[Aim of the task]: In the records below, find the line holding "Allu-Aravind-Felicitation-To-Mahanati-Team-09" and the line holding "Skigebiet Kronplatz Gipfel". Set down both, with every line between them, exactly.

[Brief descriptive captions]
------------------------------

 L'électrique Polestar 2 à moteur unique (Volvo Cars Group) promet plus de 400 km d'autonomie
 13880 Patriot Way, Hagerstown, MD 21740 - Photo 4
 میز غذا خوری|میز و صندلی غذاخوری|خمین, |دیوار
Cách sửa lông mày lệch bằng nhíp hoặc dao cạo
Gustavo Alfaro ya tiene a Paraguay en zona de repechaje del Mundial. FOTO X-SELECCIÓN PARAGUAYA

------------------------------

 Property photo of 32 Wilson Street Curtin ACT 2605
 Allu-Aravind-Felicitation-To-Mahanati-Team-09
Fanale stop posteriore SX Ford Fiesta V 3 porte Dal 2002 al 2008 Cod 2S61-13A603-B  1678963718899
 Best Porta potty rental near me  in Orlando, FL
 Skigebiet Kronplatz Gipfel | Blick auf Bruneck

------------------------------

[Exercise response]:
 Allu-Aravind-Felicitation-To-Mahanati-Team-09
Fanale stop posteriore SX Ford Fiesta V 3 porte Dal 2002 al 2008 Cod 2S61-13A603-B  1678963718899
 Best Porta potty rental near me  in Orlando, FL
 Skigebiet Kronplatz Gipfel | Blick auf Bruneck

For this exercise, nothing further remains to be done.